2. REGISTRATIE EN UITGIFTE KIPNUMMERS Artikel 2 1.
De ondernemer die 250 of meer stuks pluimvee houdt of handelt in pluimvee registreert zich bij het productschap. De ondernemer die reeds is geregistreerd op basis van de Verordening registratie en verstrekking van gegevens (PPE) 2003, wordt geacht tevens te zijn geregistreerd conform onderhavige verordening.
2.
Nadat registratie heeft plaatsgevonden als bedoeld in het eerste lid, kent het productschap, voor elke bedrijfslocatie van het door de ondernemer uitgeoefende pluimveebedrijf, een KIPnummer toe aan de ondernemer.
3.
Ten behoeve van de toekenning van het KIPnummer als bedoeld in het tweede lid, verstrekt de ondernemer tenminste de volgende gegevens aan het productschap: a. b. c. d. e. f. g.

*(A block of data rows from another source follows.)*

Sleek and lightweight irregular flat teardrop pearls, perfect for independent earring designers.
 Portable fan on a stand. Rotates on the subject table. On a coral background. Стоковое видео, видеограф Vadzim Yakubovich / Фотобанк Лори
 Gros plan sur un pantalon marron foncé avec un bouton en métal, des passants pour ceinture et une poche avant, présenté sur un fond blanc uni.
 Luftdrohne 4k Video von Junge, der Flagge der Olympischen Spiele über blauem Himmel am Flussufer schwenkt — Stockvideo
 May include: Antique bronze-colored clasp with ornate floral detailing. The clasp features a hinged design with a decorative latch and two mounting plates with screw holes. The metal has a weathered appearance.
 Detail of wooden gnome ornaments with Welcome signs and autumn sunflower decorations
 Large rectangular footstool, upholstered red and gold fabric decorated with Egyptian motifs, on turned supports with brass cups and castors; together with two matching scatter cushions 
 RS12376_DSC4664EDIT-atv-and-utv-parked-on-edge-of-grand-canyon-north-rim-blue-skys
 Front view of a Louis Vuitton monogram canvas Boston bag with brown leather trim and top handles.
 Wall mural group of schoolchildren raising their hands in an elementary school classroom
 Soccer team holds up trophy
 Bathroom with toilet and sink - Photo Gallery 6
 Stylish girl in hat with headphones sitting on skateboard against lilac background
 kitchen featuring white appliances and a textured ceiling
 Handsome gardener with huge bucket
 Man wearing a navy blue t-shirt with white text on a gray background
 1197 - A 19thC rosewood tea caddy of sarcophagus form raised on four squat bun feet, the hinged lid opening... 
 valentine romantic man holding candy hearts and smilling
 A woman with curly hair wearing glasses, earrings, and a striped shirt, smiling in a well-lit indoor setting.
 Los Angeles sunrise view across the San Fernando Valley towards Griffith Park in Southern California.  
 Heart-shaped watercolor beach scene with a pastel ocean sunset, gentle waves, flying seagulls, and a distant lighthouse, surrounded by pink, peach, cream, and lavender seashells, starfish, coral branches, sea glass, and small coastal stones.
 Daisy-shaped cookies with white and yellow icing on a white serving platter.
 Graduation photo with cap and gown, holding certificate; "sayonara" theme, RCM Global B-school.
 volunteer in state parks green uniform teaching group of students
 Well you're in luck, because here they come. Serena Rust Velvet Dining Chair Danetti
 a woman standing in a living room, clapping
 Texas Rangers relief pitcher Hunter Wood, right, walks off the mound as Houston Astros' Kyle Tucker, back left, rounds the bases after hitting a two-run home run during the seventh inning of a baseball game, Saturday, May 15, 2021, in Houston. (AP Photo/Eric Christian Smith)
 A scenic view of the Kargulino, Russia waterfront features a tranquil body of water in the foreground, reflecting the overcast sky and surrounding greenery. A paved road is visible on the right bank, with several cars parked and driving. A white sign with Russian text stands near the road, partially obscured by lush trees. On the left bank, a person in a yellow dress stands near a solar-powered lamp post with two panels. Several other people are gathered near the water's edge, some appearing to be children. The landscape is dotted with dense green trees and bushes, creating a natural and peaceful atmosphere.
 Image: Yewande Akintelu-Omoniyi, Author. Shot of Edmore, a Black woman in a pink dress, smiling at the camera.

de naam, voornamen, geboortedatum, adres en e-mailadres van de ondernemer; de rechtsvorm en de datum van oprichting van het pluimveebedrijf, alsmede indien van toepassing het door de Kamer van Koophandel aan de onderneming ingevolge de Handelsregisterwet toegekende unieke nummer; het adres van de bedrijfslocatie(s) van het pluimveebedrijf; het soort, de categorie en het type pluimvee dat door het betreffende pluimveebedrijf wordt gehouden of verhandeld; het type inrichting van het betreffende pluimveebedrijf; de maximumcapaciteit en de houderijvorm per stal; het nummer en/of de aanduiding van de stal.
4.
Het KIPnummer dat is toegekend aan de ondernemer als bedoeld in het tweede lid, kan worden ingetrokken door het productschap indien is gebleken dat de betreffende ondernemer niet langer het pluimveebedrijf uitoefent.
5.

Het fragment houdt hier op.